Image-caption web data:
####
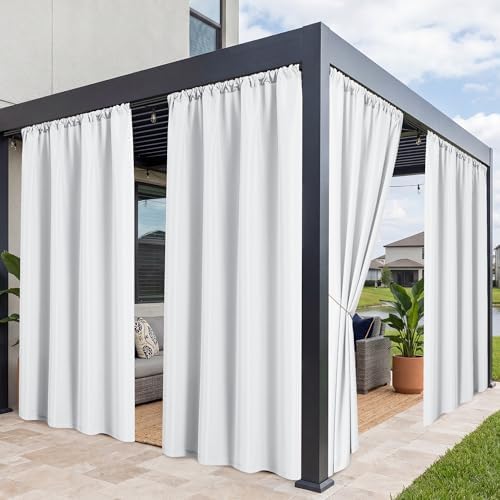 Patio Curtains Outdoor Waterproof, 4 Panels, Rod Pocket Sunshades by RichSets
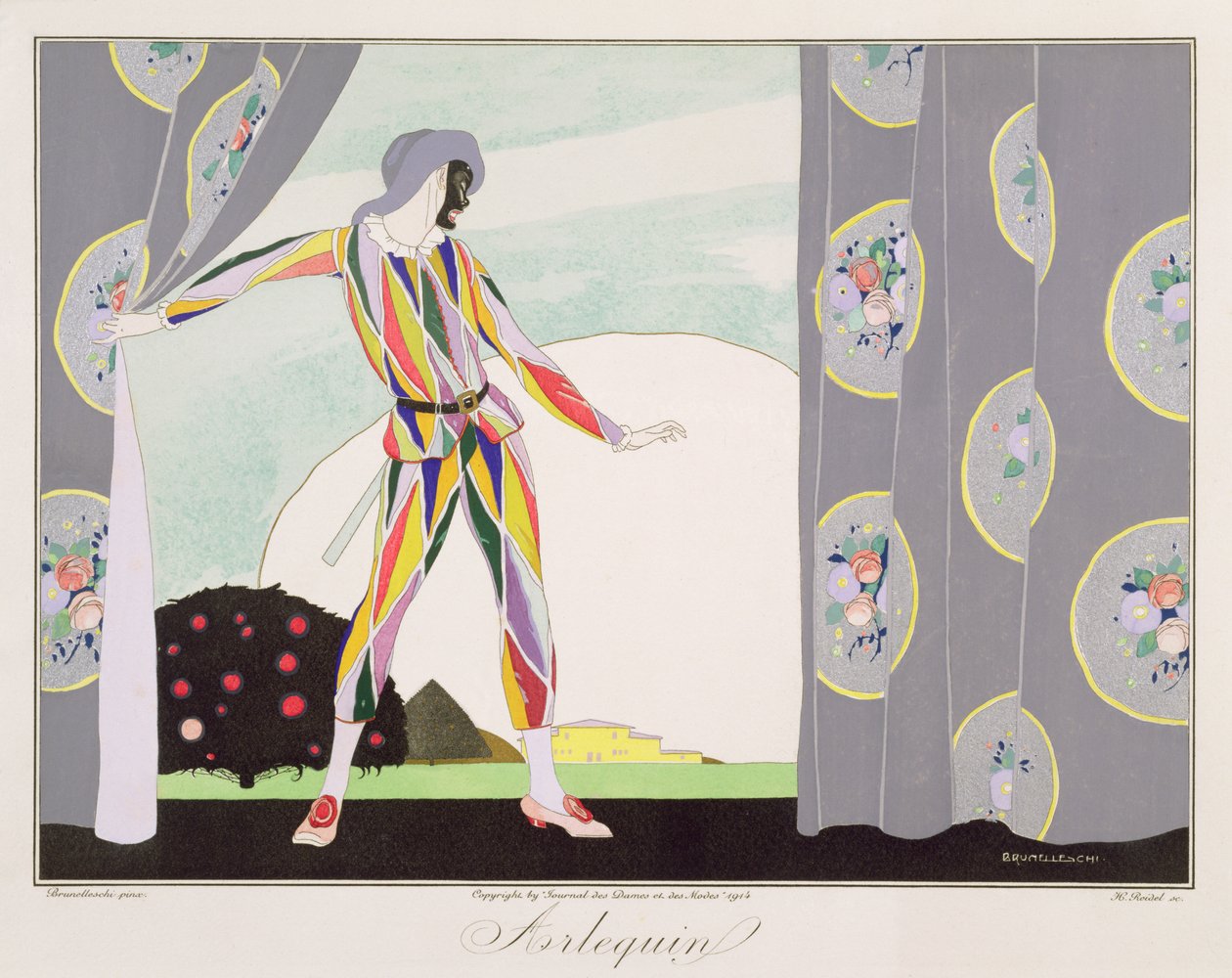 Arlequin, from the 'Masks and Characters of Italian Theatre' edition of ...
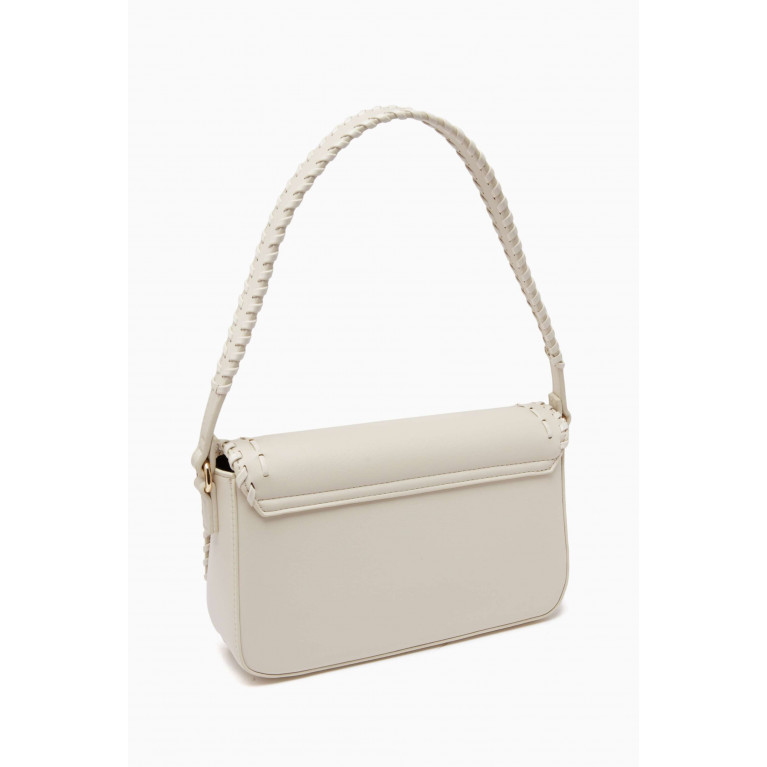 Marella - Whipstitch Shoulder Bag in PU Leather White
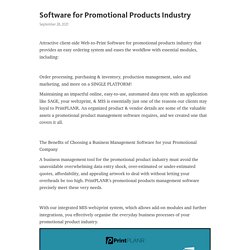 Software for Promotional Products Industry – Telegraph
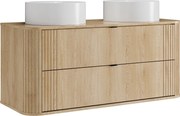Szafka łazienkowa wisząca z podwójną okrągłą umywalką nablatową - Jasne drewno naturalne - L120 cm - FILOR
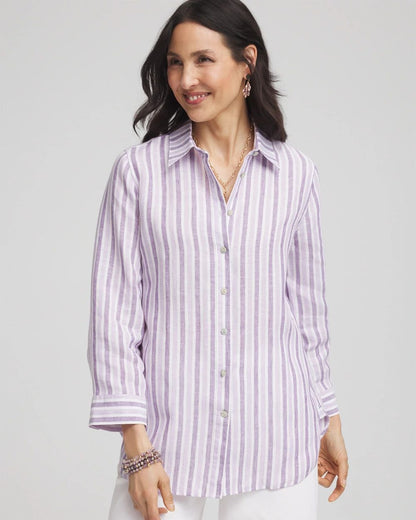 No IronTM Plum Striped Linen Shirt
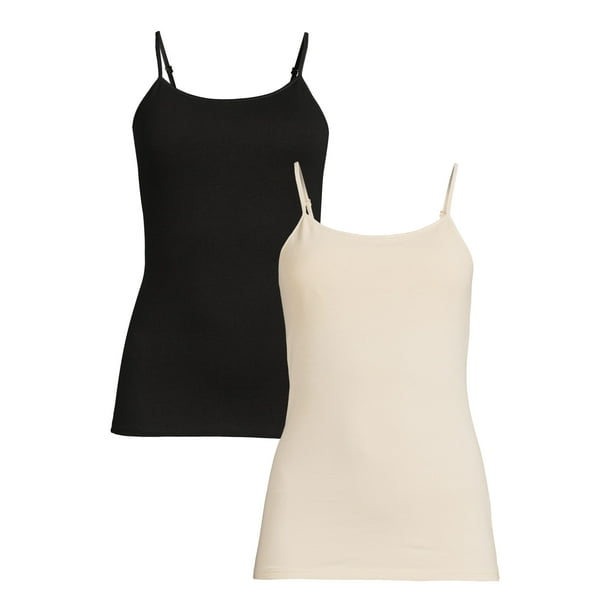 No Boundaries Juniors' Shelf Bra Cami with Adjustable Straps, 2Pack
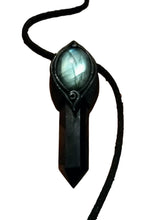 Load image into Gallery viewer, PREORDER St Michael Archangel Pendant Necklace | Blue Labradorite and Obsidian | Protection Saint Angel Sigil Jewelry
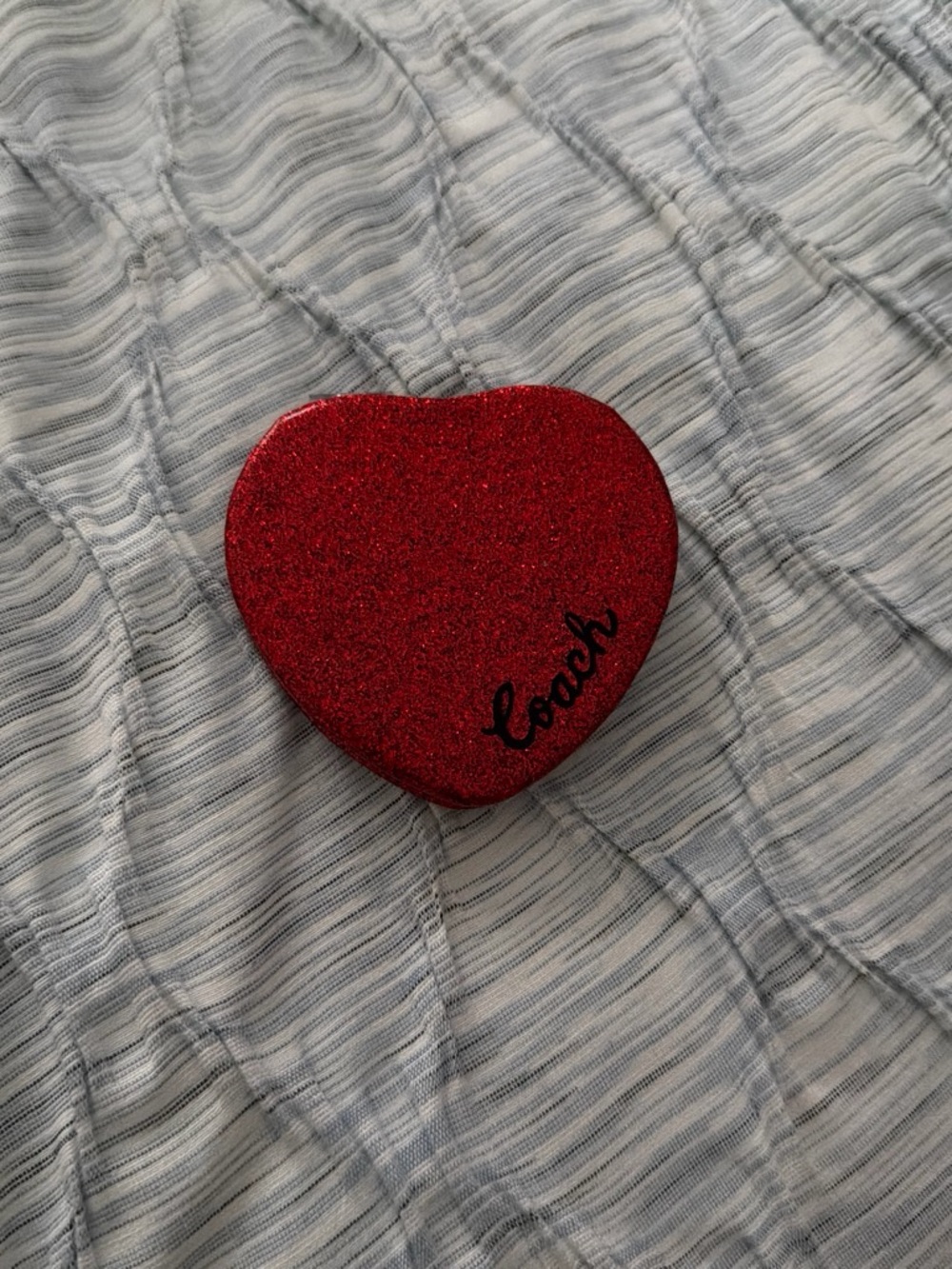 Coach Glitter Heart Compact Mirror in Red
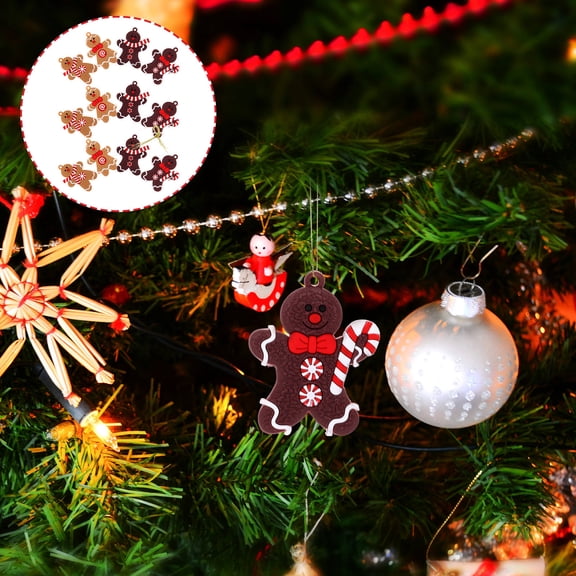 MEIBUTYUP 12Pcs Xmas Pendant Gingerbread Man Tree Hanging Decor Unique Design Decorative Home Ornament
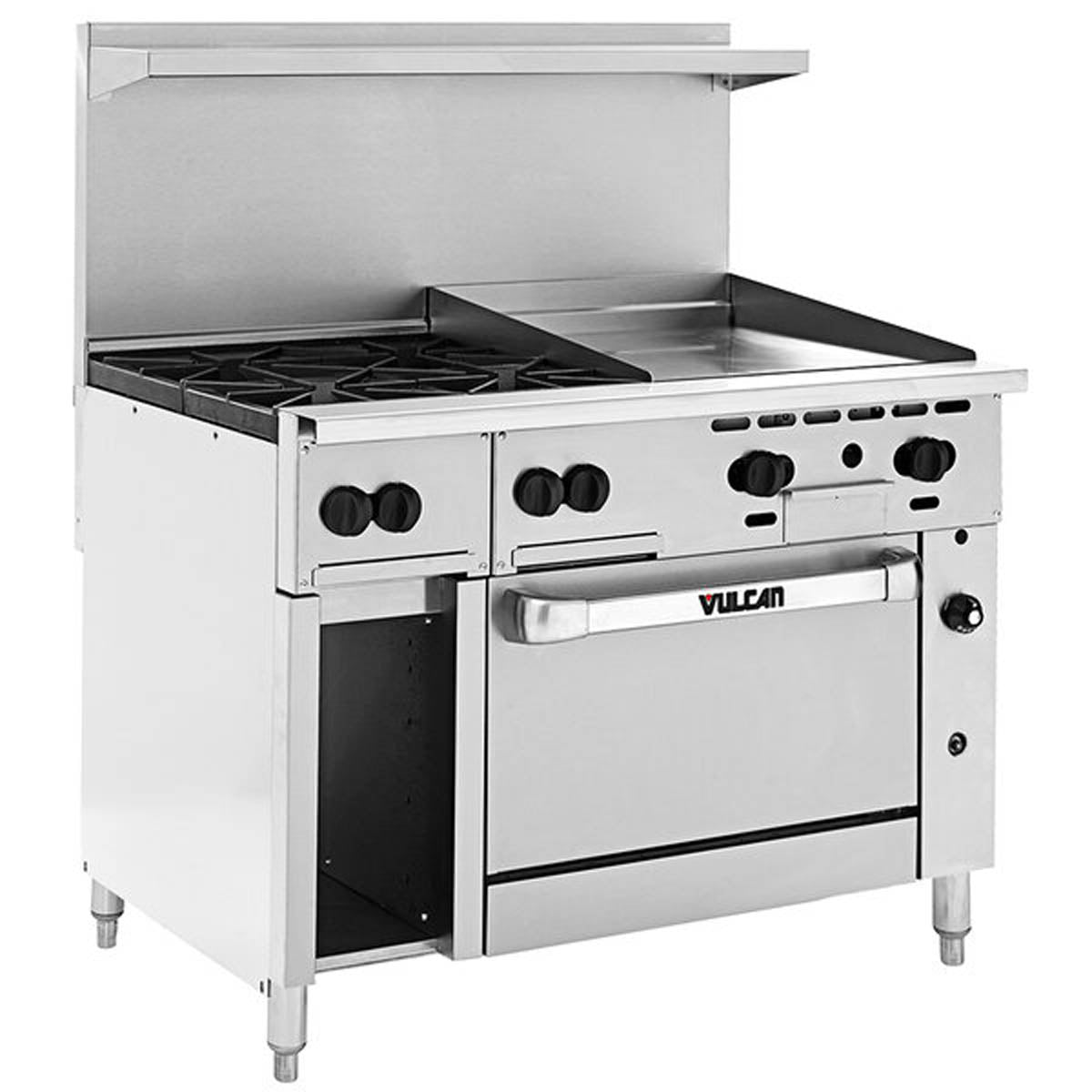 Vulcan 48C-4B24G 48-Inch Commercial Gas Range — 4 Burners, Convection Oven, Manual Control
####
Your task: Give again, word for word, the lines above from the one with "Load image into" through the final line of the data, both ends included. Do not copy any picture.

Answer:
 Load image into Gallery viewer, PREORDER St Michael Archangel Pendant Necklace | Blue Labradorite and Obsidian | Protection Saint Angel Sigil Jewelry
 Coach Glitter Heart Compact Mirror in Red
 MEIBUTYUP 12Pcs Xmas Pendant Gingerbread Man Tree Hanging Decor Unique Design Decorative Home Ornament
 Vulcan 48C-4B24G 48-Inch Commercial Gas Range — 4 Burners, Convection Oven, Manual Control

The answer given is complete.